Jokowi Efek Dibahas di Australia

Jokowi Effect dibahas dengan rinci oleh Dr Dirk Tomsa, pengajar pada Universitas La Trobe.

Tayang:
Baca & Ambil Poin
Editor: Rachmat Hidayat
zoom-in Jokowi Efek Dibahas di Australia
Tribunnews/Herudin
Calon Presiden dari Partai Demokrasi Indonesia Perjuangan (PDIP), Joko Widodo atau Jokowi saat menghadiri acara jumpa pers posko relawan Pro Jokowi (Projo) di kawasan Pancoran, Jakarta Selatan, Jumat (11/4/2014)lalu. 

TRIBUNNEWS.COM, AUSTRALIA - Masalah dampak pencalonan Joko Widodo sebagai presiden dari PDIP terhadap pencapaian suara partai tersebut dalam pemilu legislatif  2014, menjadi topik kuliah terbuka di Universitas Melbourne, Senin (14/4/2014) malam.

Dalam kuliah bertajuk, The Indonesian Election; What Really Happened, apa yang disebut sebagai Jokowi Effect dibahas dengan rinci oleh Dr Dirk Tomsa, pengajar pada Universitas La Trobe.

Dalam uraiannya, Tomsa menjelaskan mengapa Jokowi Effect dianggap tidak berhasil memberikan dampak raihan suara yang diharapkan sebelumnya oleh PDIP.

Sebelum pelaksanaan Pileg,  PDIP disebut berharap akan mendapatkan suara lebih dari 27 persen secara nasional karena pencalonan Jokowi. Namun, dari hasil hitung cepat yang sudah muncul sejauh ini di Indonesia, PDIP hanya meraih suara antara 18-19 persen.

Menurut Tomsa, beberapa faktor dilihatnya sebagai penentu berkurangnya target raihan suara tersebut.

"Salah satunya adalah pengumuman pencalonan yang begitu dekat menjelang pemilihan, sistem pemilihan, perilaku pemilih dan juga faktor media massa di Indonesia," kata Tomsa.

"Penentuan pencalonan Jokowi hanya beberapa hari menjelang pemungutan suara membuat PDiP tidak bisa maksimal menggunakan kepopuleran Jokowi. Seharusnya pengumuman ini dilakukan jauh sebelumnya atau tidak diumumkan sama sekali," kata Tomsa.

Rekomendasi Untuk Anda

Tetapi faktor yang lebih besar menurut Tomsa adalah sistem pemilihan di Indonesia dan perilaku pemilih.

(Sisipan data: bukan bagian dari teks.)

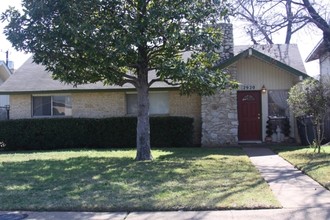 Lourdes Place in Dallas, TX - Building Photo - Building Photo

Dalam pemilu, warga memilih nama calon selain partai dimana calon tersebut berasal.

"Para calon ini di seluruh Indonesia memiliki tim sukses sendiri. Mereka sudah lama bergerak sendiri jauh sebelum Jokowi dicalonkan. Para calon ini menjalankan strategi mereka sendiri, dan tidak selalu mendukung kebijakan partai atau calon presiden," kata Tomsa.

Pendapat ini juga didukung oleh pembicara Dr Dave McRae, peneliti senior Universitas Melbourne, yang mengikuti dari dekat proses pemilihan di Indonesia dengan meneliti perilaku pemilih di Surabaya dan Sidoarjo di Jawa Timur.

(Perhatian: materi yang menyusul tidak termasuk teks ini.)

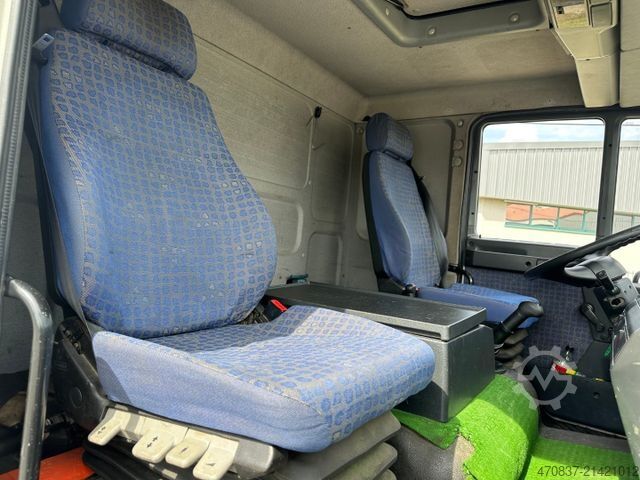 Flatbed truck MAN LE 280 4x4 / Palfinger PK 14600 / Winde / Funk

"Kebanyakan kampanye di daerah tidaklah kampanye mempromosikan partai mereka ataupun calon presiden. Kampanye banyak dilakukan lewat pertemuan dengan masyarakat, dan isu yang disampaikan sangat lokal dan kadang yang disampaikan bertentangan dengan kebijakan partai," kata Dave McRae.

McRae mencontohkan bahwa dalam salah satu kampanye di Surabaya, seorang caleg dari PDIP menentang penutupan lokalisasi Dolly walau hal itu merupakan kebijakan dari Walikota Surabaya Tri Rismaharini yang berasal dari partai yang sama.

Walau hasil penghitungan suara sementara lebih rendah dari perkiraan PDIP dan berbagai pihak lainnya, pembicara dalam kuliah umum di Melbourne ini masih sepakat bahwa Jokowi masih merupakan favorit besar untuk memenangkan pemilihan presiden bulan Juli mendatang.

Salah seorang peserta, Nicolas Reece dari Jurusan Ilmu Politik dan Sosial Universitas Melbourne mengatakan bahwa di sisi lain, Jokowi Effect tetap bisa diihat karena dalam pemilu 2014 suara PDIP naik 5 persen dibanding pemilu sebelumnya.

"Ini perolehan yang cukup signifikan kalau melihat bahwa dalam pemilu ini ada 12 partai yang bertarung," kata Reece.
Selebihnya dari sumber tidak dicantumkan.